Goodreads Summary:
According to Anna’s best friend, Frankie, twenty days in Zanzibar Bay is the perfect opportunity to have a summer fling, and if they meet one boy every day, there’s a pretty good chance Anna will find her first summer romance. Anna lightheartedly agrees to the game, but there’s something she hasn’t told Frankie–she’s already had her romance, and it was with Frankie’s older brother, Matt, just before his tragic death one year ago.
Pages: 290
Series? No
Release Date: June 1, 2009
LONG STORY SHORT:
Twenty Boy Summer had me in on the first page! Characters who could not only be the boy or girl next door, but whom I'd also love to have as my best friends had to deal with the death of a very important person - but even more - with growing up and saving a friendship from the effects of that process - wonderful story, the perfect feel - good novel!
REVIEW:
I'm sorry, Sarah Dessen. I was convinced there would never be something or someone to rob you the number one spot in my reading heart. I'm sorry, I was wrong...
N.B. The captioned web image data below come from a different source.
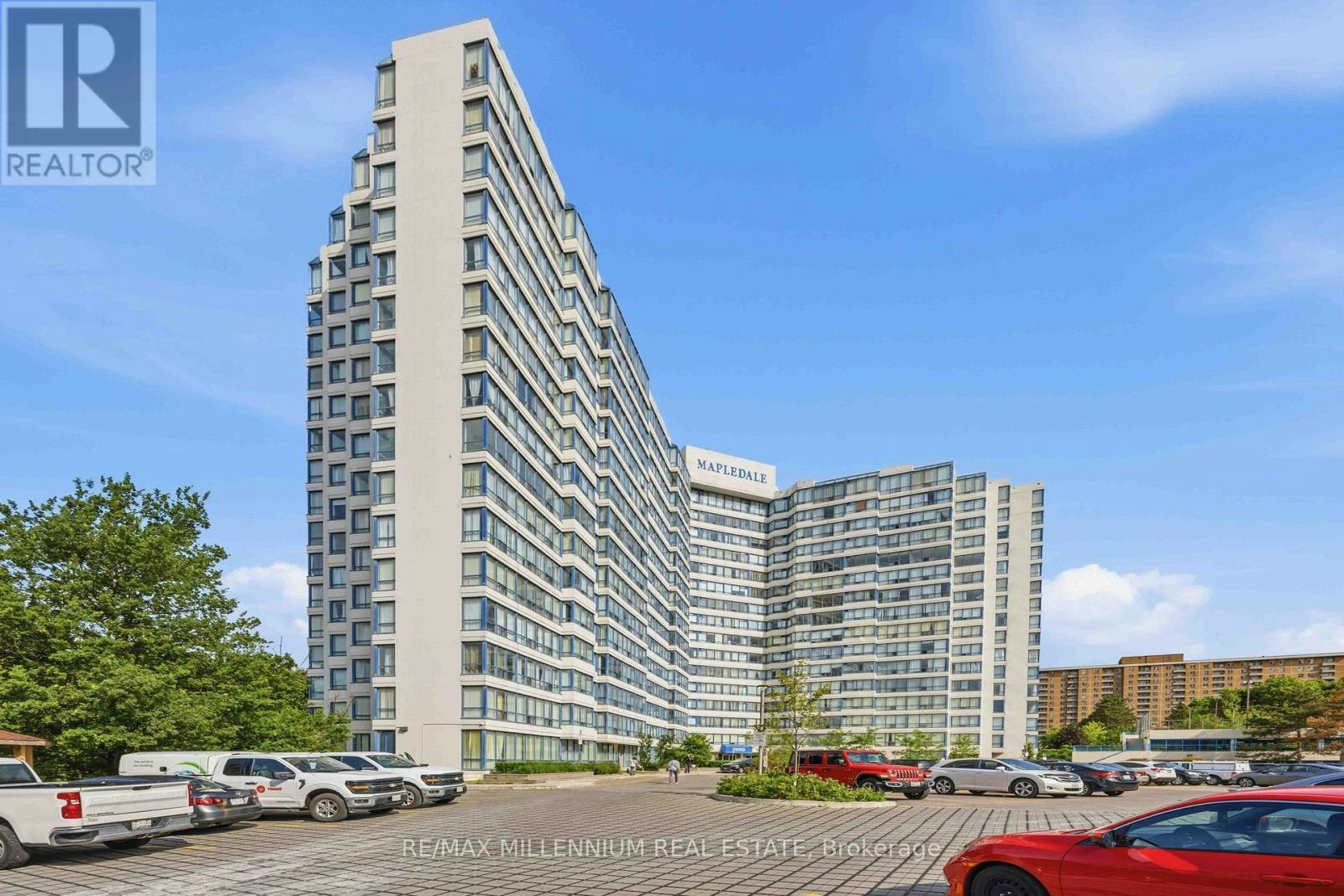 906-3050 Ellesmere Road, Toronto, ON, M1E 4C2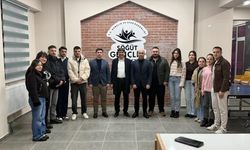 Başkan Durgut gençlerle Gençlik Merkezi'nde buluştu
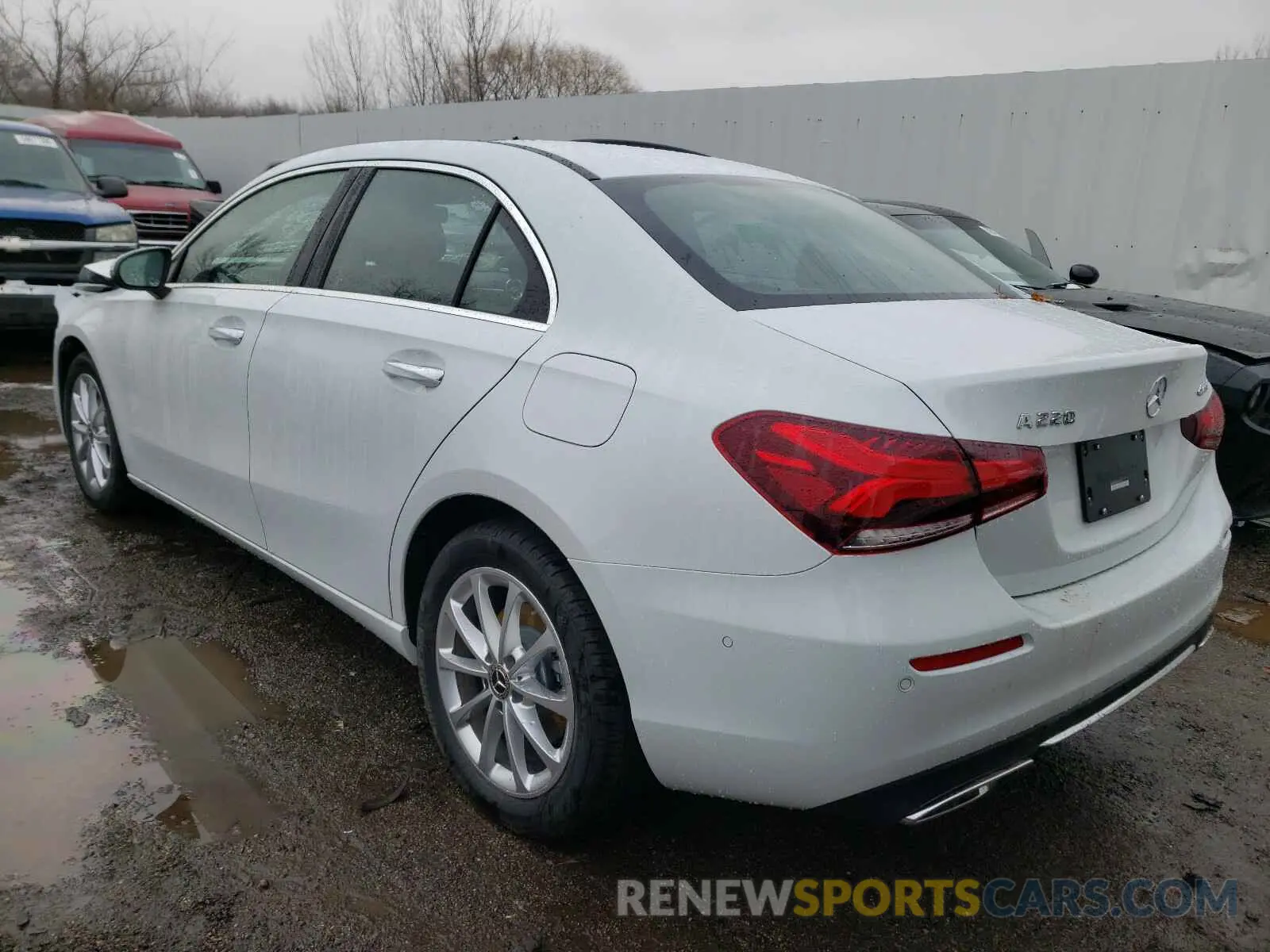 3 fotografías del automóvil dañado W1K3G4FB5MJ270789 MERCEDES-BENZ A 220 4MAT 2021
Well, not quite. I still love Sarah Dessen's writing, but I would say Sarah Ockler is the first contemporary writer that I adore just as much. Their ways of telling a story are rather different, I guess, but both amazing.
I was very worried to start Twenty Boy Summer because I luckily have never lost someone close to me and my problem with grief books is that I usually don't get them, I can't identify with them.
I didn't have to worry, though. Twenty Boy Summer brought a smile on my face on the very first page and that smile revisited throughout the whole book.
Anna, the main character, had a great personality but also found herself in the middle of growing into her own person and making her own decisions.
As was Frankie, Anna's best friend. She just tried to find herself in a totally different way. That growing-of age part of the novel especially appealed to me because both characters were described so realistically. I think most teens could identify with either the rather quiet, thoughtful Anna or the rebellious and wild Frankie.
Realistic is also what I'd call the conflict the two girls had to work out. I mean, not all of us have to deal with overcoming the death of a brother and best friend, but the tension between the childhood friends, Anna's worries about keeping something from her best friend for the first time in her life and how her secret will affect the rest of their lives and their friendship - I think most girls go through that phase sooner or later.
The boys in this book...came rather random, I think. They were more of an accessory, necessary for the story, but they kept appearing and disappearing whenever they were needed without really playing an important role.
Much more important were the parents - especially Frankie's and that's also where I have to criticize a bit. I really would have liked to see if and how Frankie can solve the problems with her parents.